MDD MWAS scripts and README file

Primary LanguageR

MWAS

MWAS scripts

Scripts to perform MWAS on cohort data.

Main scripts that are needed for conducting MDD MWAS

mdd_mwas

mdd_mwas.R

mdd_mwas.sh

ebayes2.R


INSTRUCTIONS


DEFAULT FILES AND ARGUMENTS

The following arguments in the pipeline are default. You will need to change the script to reflect the paths to these files.

FILE: mdd_mwas Lines: 8-13; 46-51; 60-65

Paths to change: all paths to change are noted as "/path/to/[respective file]" in mdd_mwas.

  1. Covariates: RDS FILE; there is a default covariate file, although you can override this with an argument in the pipeline while you run MWAS (e.g. --cov /path/to/covariate_file). It is good to have a base covariate file with e.g. cohort IDs, age, and sex, in the pipeline script.

    FORMAT: the covariate file should have "id" for cohort ID and covariates to include in MWAS (any name)

  2. Sentrix ID linker: RDS FILE; this is a file with 2 columns, one with cohort IDs and one with DNA methylation IDs.

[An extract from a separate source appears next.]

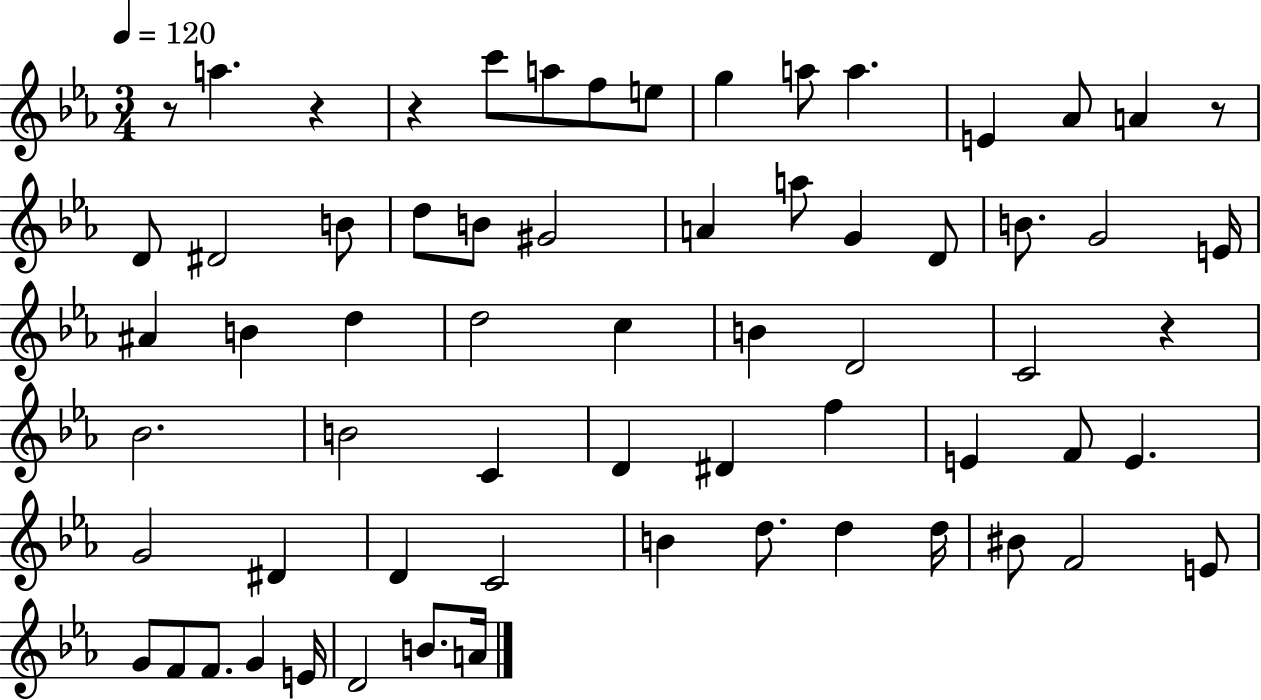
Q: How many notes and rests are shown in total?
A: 65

    FORMAT: the ID linker file should have two columns with following column names: "id" (cohort IDs) and "Sample_Sentrix_ID" (DNAm IDs). We recommend renaming your respective cohort and DNAm IDs with these to automate the pipeline

  3. M-value chromosome files: RDS FILES; DNAm data should be chromosome-separated, if possible. The path here should be: /path/to/mvalue/files/mvalues.chr%.rds ; the m-value files can be renamed, although they should have the chromosome number somewhere in the file name.

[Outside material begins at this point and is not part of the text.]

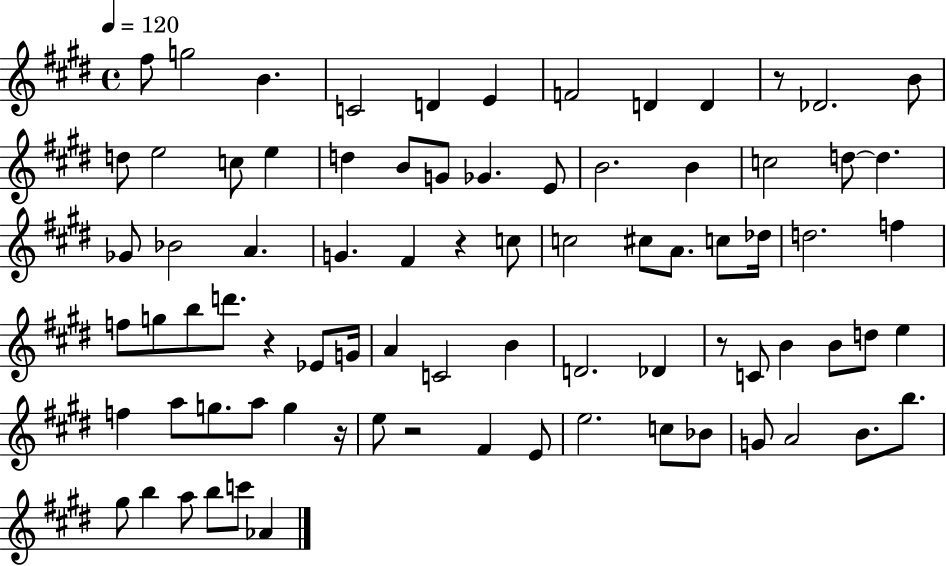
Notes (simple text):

F#5/e G5/h B4/q. C4/h D4/q E4/q F4/h D4/q D4/q R/e Db4/h. B4/e D5/e E5/h C5/e E5/q D5/q B4/e G4/e Gb4/q. E4/e B4/h. B4/q C5/h D5/e D5/q. Gb4/e Bb4/h A4/q. G4/q. F#4/q R/q C5/e C5/h C#5/e A4/e. C5/e Db5/s D5/h. F5/q F5/e G5/e B5/e D6/e. R/q Eb4/e G4/s A4/q C4/h B4/q D4/h. Db4/q R/e C4/e B4/q B4/e D5/e E5/q F5/q A5/e G5/e. A5/e G5/q R/s E5/e R/h F#4/q E4/e E5/h. C5/e Bb4/e G4/e A4/h B4/e. B5/e. G#5/e B5/q A5/e B5/e C6/e Ab4/q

    FORMAT: all m-value DNAm files should have CpGs as rows and participants as columns (participant IDs should be DNAm IDs)

  4. PCA file: RDS FILE; this should be a path to a file containing 20 principal components calculated for the dataset. If PCs have already been accounted for during DNAm pre-processing, please let us know and we will provide a modified pipeline that does not take PCs into account.

    FORMAT: PCA file should contain a column with DNAm IDs and first 20 principal components, named "PC 1:20"

  5. Prune pipeline argument: the default for pruning probes with missing samples; this can be changed to "--no-prune", which will retain probes with missing samples.

  6. Probes to exclude: TEXT FILE; this should point to a file containing a list of CpG sites (no header) that are cross-hybridising or polymorphic. This will remove these CpGs prior to running MWAS. If you wish to retain these CpGs, supply an empty file here.

    FORMAT: textfile containing a list of CpGs to remove (no header)


INPUT FILES

The following arguments in the pipeline are free text input. You will need input the paths and file names for these based on the phenotype and covariate files you are analysing.

FILE: mdd_mwas Lines: 6:8, 14; 44:46, 52; 58:60, 66 (DO NOT change anything in the main script; this is just for information purposes)

  1. Phenotype file: .csv format

    Format: .csv file containing cohort ID ("id"), as well as a list of phenotypes to analyse (the script will take one phenotype at a time)

  2. "pheno" argument: the main phenotype to analyse in "Phenotype file"

  3. Covariate file: pleasre refer to point 1 above in "Default files and arguments"

    FORMAT: the covariate file should have "id" for cohort ID and covariates to include in MWAS (any name)

  4. "Out": specifies the location where MWAS results and analysis log file will be output to


PIPELINE FORMAT

  1. First, add your local path to your .bash_profile

PATH=$PATH: /path/to/local/bin

  1. Update your path with the shell command:

source ~/.bash_profile

  1. Load R; PLEASE NOTE: the pipeline runs with R version 3.3.2, therefore all .rds files should be saved in this version

The pipeline can be started directly from the command line, as follows:

mdd_mwas --pdata /path/to/phenotype-file.csv --pheno [phenotype name in phenotype-file.csv] --cov /path/to/covariate-file.rds [optional, if you do not want to prune probes with missing samples] --no-prune --out /path/to/output/directory/phenotype-mwas [the output file does not require any extension, as it will output 3 files]


Other information

TEMPLATE.R has the token __TRAIT_ which should be replaced by the trait to be analysed

eBayes2.R is an updated ebayes function by Dr Rosie Walker to get round integer overflow problem (essentially adds as.numeric() )

split_chr_betas, split_chr_mvalues, and DNAm_separate_files are different ways to separate DNA methylation files based on chromosomes (the pipeline runs the MWAS chromosome-by-chromosome).